東北大学は12月14日、STT-MRAMの情報記憶素子として、高速書き込み動作を特徴付ける時定数を制御できる磁気トンネル接合(MTJ)構造を提案し、5nm以下の直径を有するMTJ素子で3.5nsまでの高速書き込み動作を実証したと発表した。
同成果は、東北大 材料科学高等研究所の陣内佛霖助教、東北大 電気通信研究所の五十嵐純太学術研究員、同・深見俊輔教授、同・大野英男教授(現・東北大総長)らの研究チームによるもの。詳細は、IEEE主催の半導体のデバイス技術とプロセス技術に関する世界最大級の国際学会「IEDM(International Electron Devices Meeting)」にて発表された。
次世代メモリとして、スピン移行トルク磁気抵抗メモリ(STT-MRAM)の研究開発が進められており、2021年段階では22/28nmプロセスでの量産が行われ、14/16nmプロセスでの実現に向けた技術開発も進められている。そんなSTT-MRAMの情報記憶を担い、性能を決めるのがMTJ素子であり、プロセスの微細化とともに、それ自体の微細化も求められるようになっている。
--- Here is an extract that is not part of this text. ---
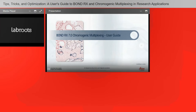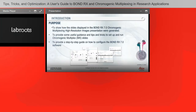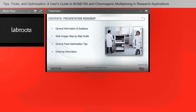Let's dive right into our user guide. The purpose here is to show you some multiplex IHC images, provide useful guidance on how to set up and run chromogenic multiplex slides, and also offer a step-by-step guide on how to configure the Bond RX version 7.0 software at the slide setup level. Here's a presentation roadmap for you.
例えば、2021年時点の最先端量産プロセスとなる5nm世代、およびその先にあるオングストローム世代の半導体製造技術では、現在の30nm以上の直径から、10nm以下へと微細化することが必要とされている。
現在の多くのMTJ素子は、2010年に現・東北大総長の大野教授が率いる研究チームによって開発された、CoFeB/MgO界面の垂直磁気異方性を利用したMTJ素子技術がベースとなっているが、この構造では、MTJ素子の微細化に伴ってデータ保持特性の維持ができないため、直径10nmを下回る極微細領域でのMTJ素子開発は困難であったという。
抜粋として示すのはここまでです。